We don’t know if whether we’ll have to wait for the next Bob Woodward book to figure out why in the heck one of the best liked and most successful members of President Trump’s cabinet chose a random Tuesday, four weeks before a crucial midterm election to announce her departure.

The backstory here may be intriguing or just plain dull – It was about to leak and the administration wanted to get ahead of the story, the door was closing on the cabinet member’s next opportunity, etc. But whatever the reason, the announced departure of Nikki Haley as U.S. Ambassador to the United Nations has got everybody talking.

That’s partly because Haley is a star player for the GOP. It’s hard to imagine how anyone could go from vehement opposition to Trump’s candidacy in the 2016 primaries to the gushy sendoff Haley got Tuesday from the president, and that alone is testament of her political skills.

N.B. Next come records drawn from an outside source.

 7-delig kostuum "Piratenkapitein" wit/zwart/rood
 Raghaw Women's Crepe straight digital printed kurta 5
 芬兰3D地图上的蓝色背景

And the timing is so weird. The announcement stepped on the ongoing coverage of the president’s successful Supreme Court nomination and other recent successes for the administration. The backstory had better be pretty important to merit a move like this one. And with the president saying he will make a pick for her replacement before voters go to the polls, there’s another disruption ahead.

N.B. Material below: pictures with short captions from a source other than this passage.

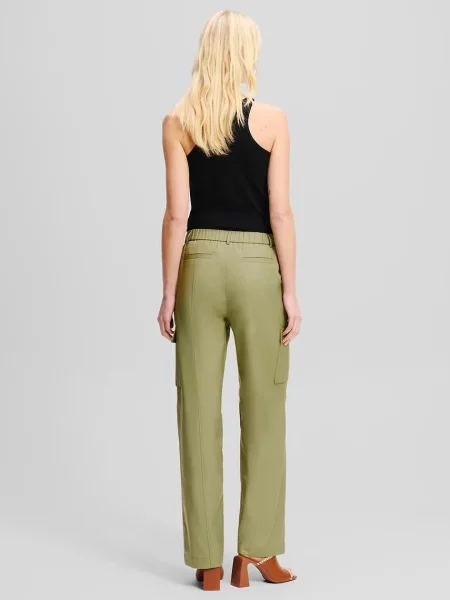 Karl Lagerfeld spodnie proste medium waist zielony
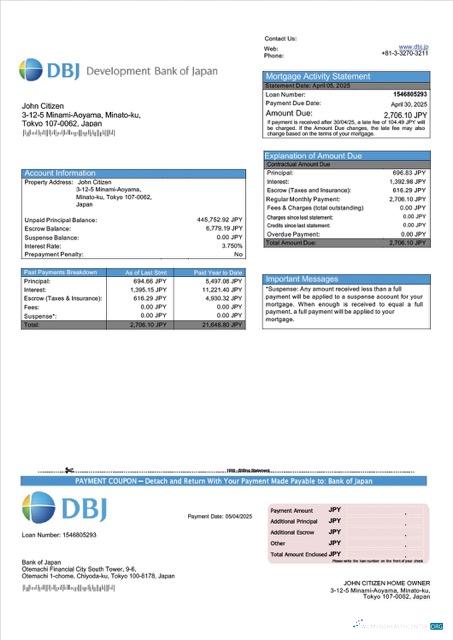 Download Japan Development Bank of Japan (DBJ) mortgage statement Word and PDF template Photoshop template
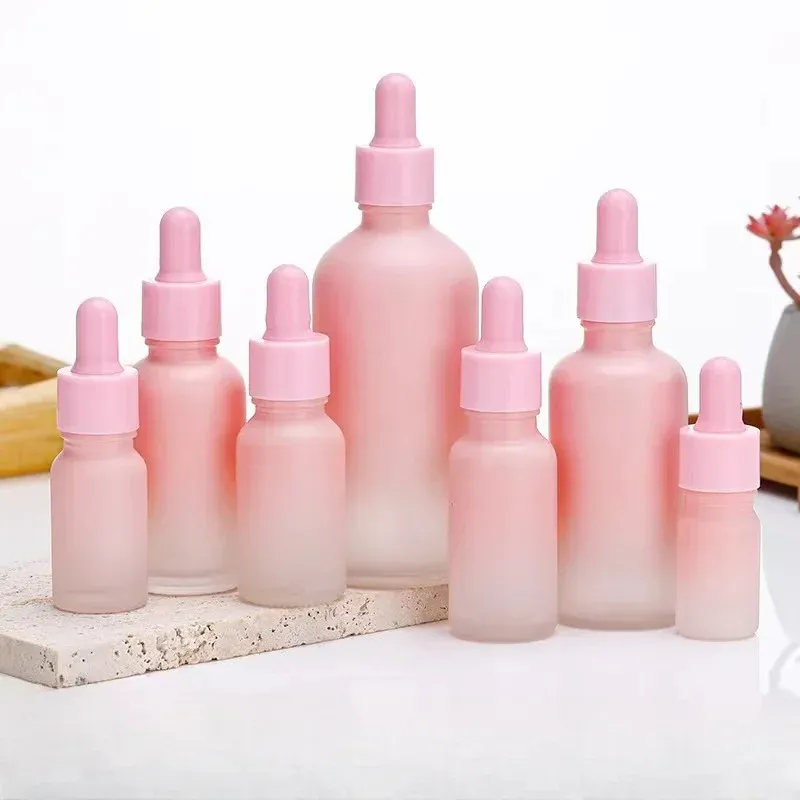 5 ml-50 ml di bottiglia di vetro glassata rosa con pipetta, bottiglie di olio essenziale rosa, bottiglia di imballaggio estetico estetico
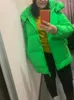 Trenchs de femmes manteaux traf hiver parkas pour femmes 2024 épais sweats à capuche chauds veste vert long manteau avec fermeture éclair vêtements d'extérieur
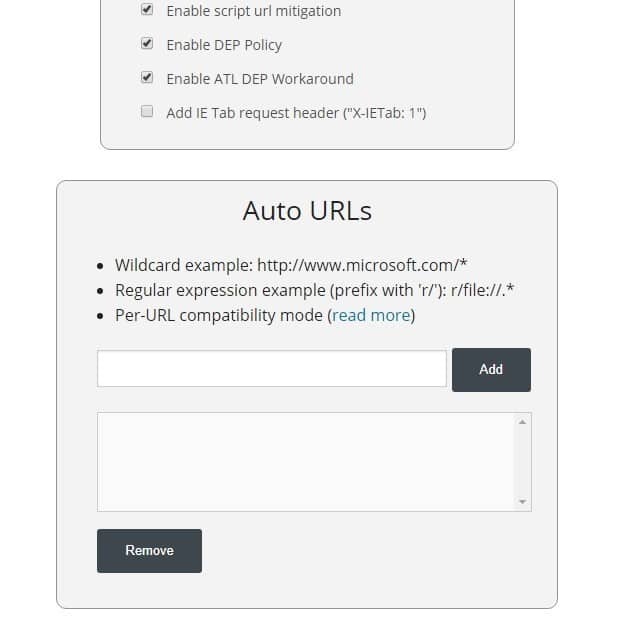 Поле ввода URL для автоматического открытия в IE Tab
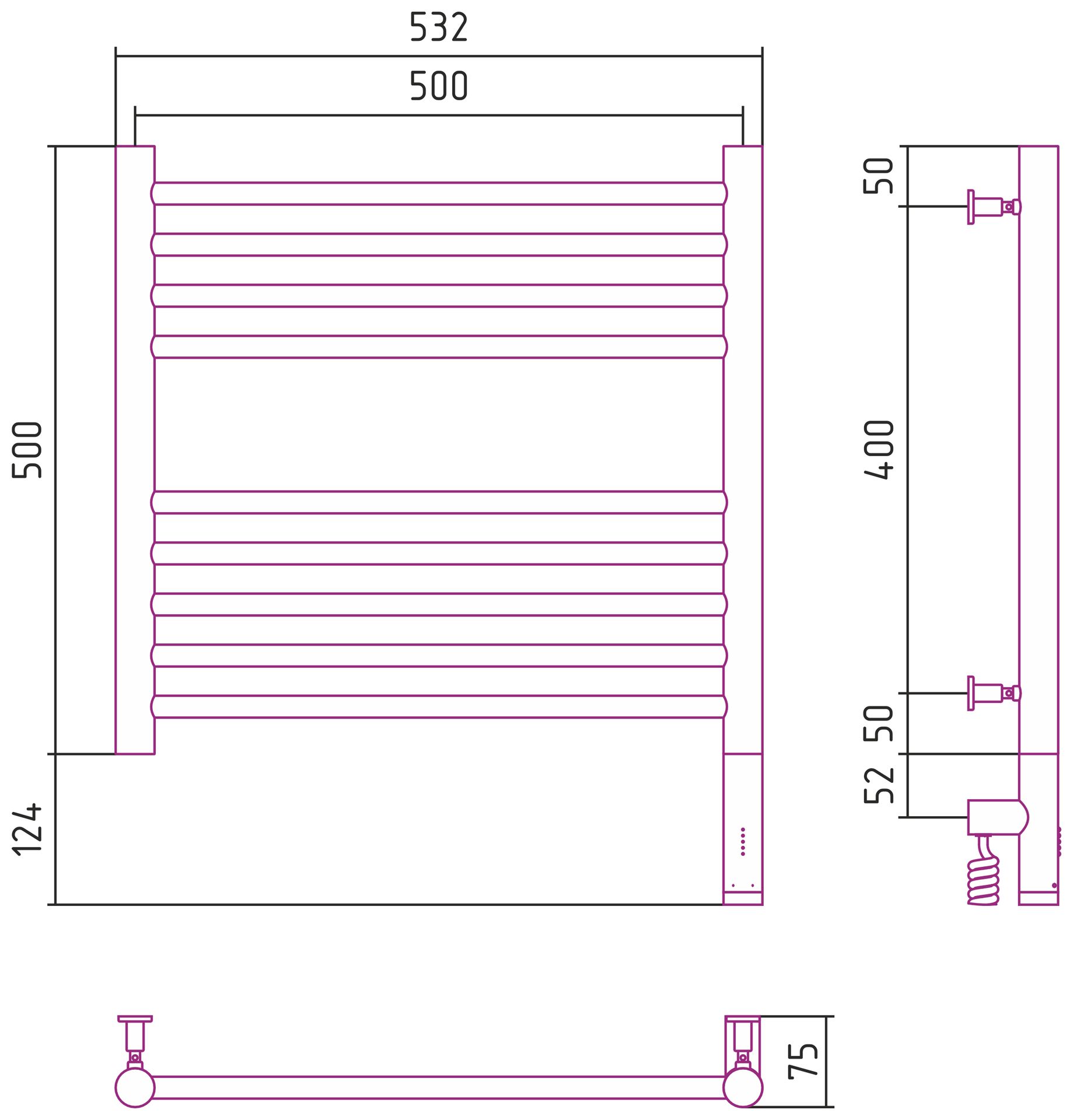 Полотенцесушитель, Сунержа, Богема 3.0, прямая, электрический, ширина, мм-532, глубина, мм-75, высота, мм-624, межосевое расстояние-500, нагревательный элемент-ТЭН, подключение-нижнее справа, электрокомплект-МЭМ, мощность, Вт-300, материал-нержавеющая ста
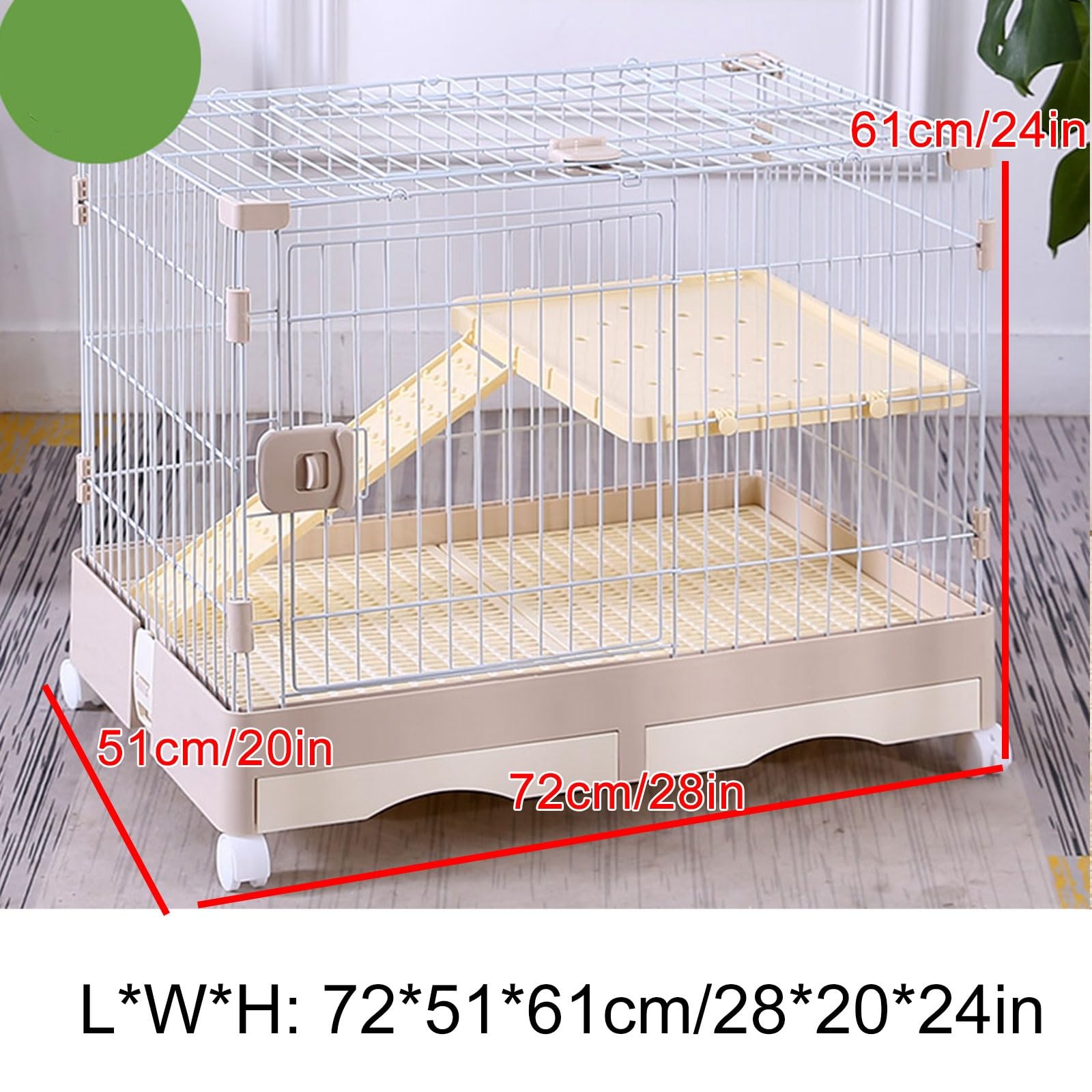 Jaula para conejos de interior – Jaula de 2 niveles con tapa abierta para animales pequeños con ruedas para cobayas, hurones, chinchillas, gatitos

But the other reason Haley’s early arrival in the departure lounge has generated so much attention is that it has forced people to think about other big changes ahead for Trump’s cabinet after Election Day.

In a new administration there are a couple of decorous times to exit. The first is after one year but before midterm’s heat up, while the other is during the lame-duck period after the primaries.

We expect Haley will hardly be alone in her December farewell. But who else?

The biggie here is Defense Secretary James Mattis, and to a lesser degree White House Chief of Staff John Kelly.

On the one hand it’s hard to imagine Mattis persisting in a post so grueling for a commander in chief who is pretty much his polar opposite. On the other hand, this is a guy who led the first Marine division in Fallujah, so maybe his definition of hardship duty is different than most.

Mattis’ departure would be a monumental change for an administration that had relied on “Chaos” to keep order in the Republican ranks in Congress. As long as Mattis has kept his cool and Trump has referred to the retired general, lawmakers have breathed easier. Finding a replacement would not be so easy.

Kelly has filled a somewhat similar role in ensuring congressional leaders that good practices are being followed and that the mercurial president has a sobersided voice in his inner circle. But given the degree to which Trump has diminished Kelly and without the need for a confirmation vote, a change there would be less fraught.

Then there’s Jeff Sessions. Poor Jeff Sessions.

Sessions has been an invaluable asset to Trump in a couple of ways. Aside from executing top priorities for the administration on immigration, drugs and more, the former Alabama senator has made a convenient punching bag for the president to vent his anger over Special Counsel Robert Mueller’s investigation into Russian efforts to aid Trump’s 2016 campaign.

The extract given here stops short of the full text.